Open cjnolet opened 5 years ago
This sounds the same as kNN!? Not sure I got you here @cjnolet. Can you elaborate, please?
Rather than it returning the closest neighbors, it is only returning the neighbors that are within a specific distance. For instance, we are doing this on DBSCAN already w/ the eps
parameters (basically filtering the pairwise distance matrix based on some epsilon).
https://en.wikipedia.org/wiki/Neighbourhood_(mathematics)
You can accomplish this with the k-nn distance matrix if you set k = n
, for instance, but it's something that, to my knowledge, does not exist yet (in reusable form) in cuml.

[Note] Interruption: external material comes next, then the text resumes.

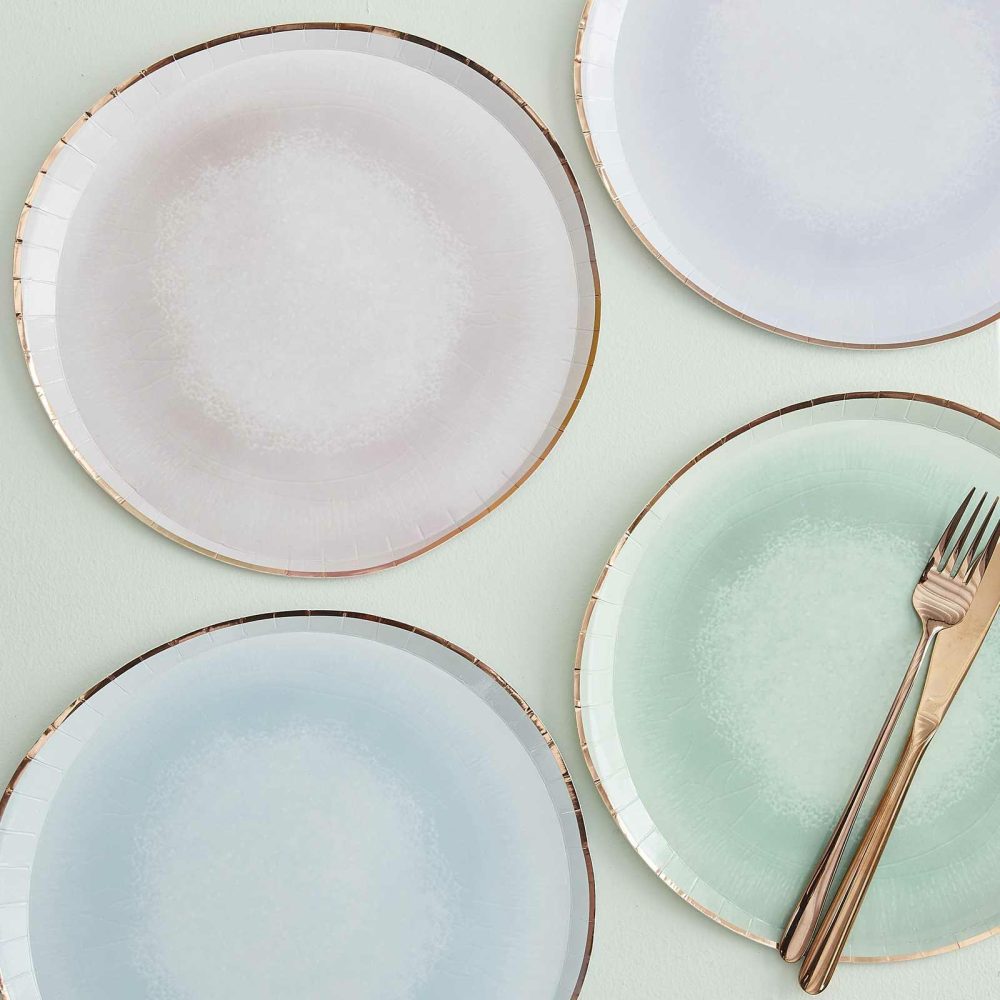 Paper Plates |   Reactive Glaze Pastel Watercolour Paper Plates Paper Plates Paper Plates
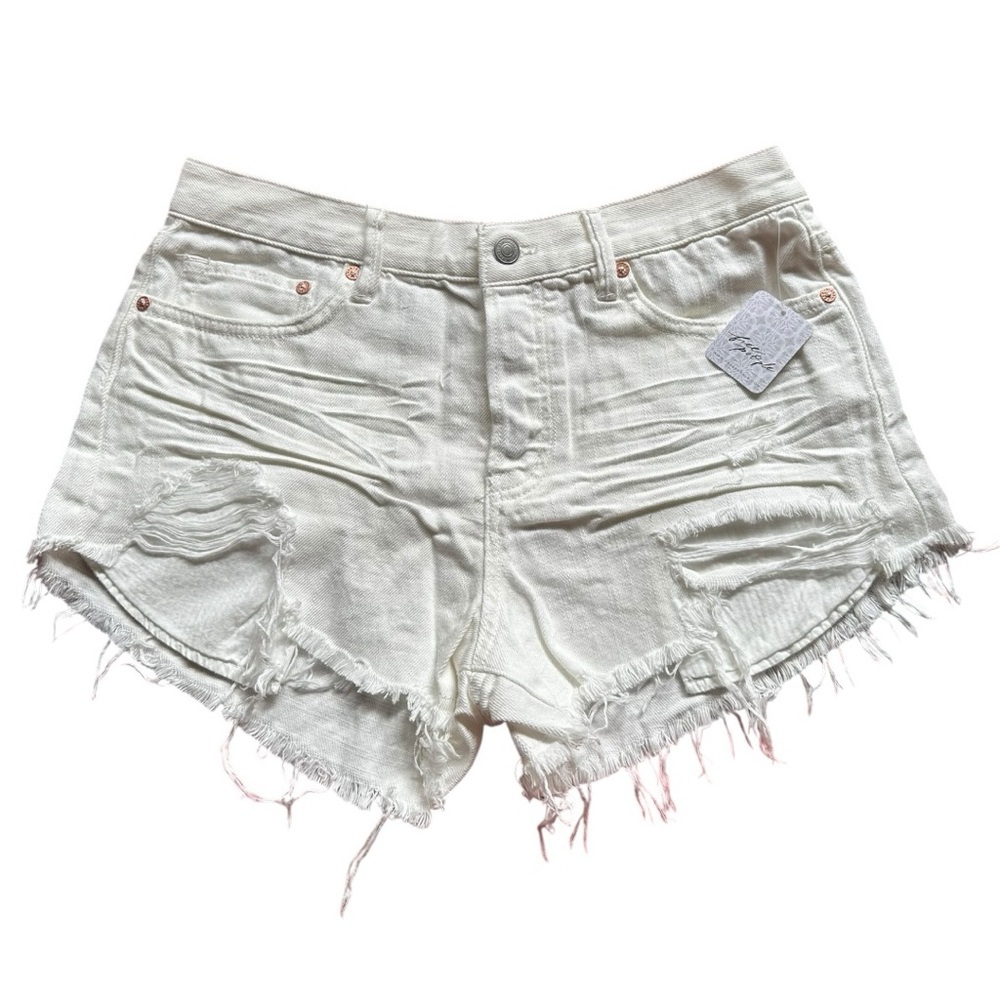 Free People Jean Shorts White Size 29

Here's the sklearn API for NearestNeighbors (which is the sklearn equivalent for cuml's current kNN implementation): https://scikit-learn.org/stable/modules/generated/sklearn.neighbors.NearestNeighbors.html#sklearn.neighbors.NearestNeighbors
Notice the methods kneighbors()
and radius_neighbors()
.
ah.. got it. Thanks Corey for the explanation.
We now have a prim for building adjacency matrices out of epsilon neighborhoods:
size_t epsilon_neighborhood(T *a, T *b, bool *adj, int m, int n, int k, T eps,
void *workspace, size_t worksize, cudaStream_t stream)
DBSCAN is already doing this, as it uses the eps value to determine the the edges of the adjacency graph. It should not be too hard to perform the same batching that DBSCAN is performing, whilst thresholding the distance matrix and returning the resulting vectors.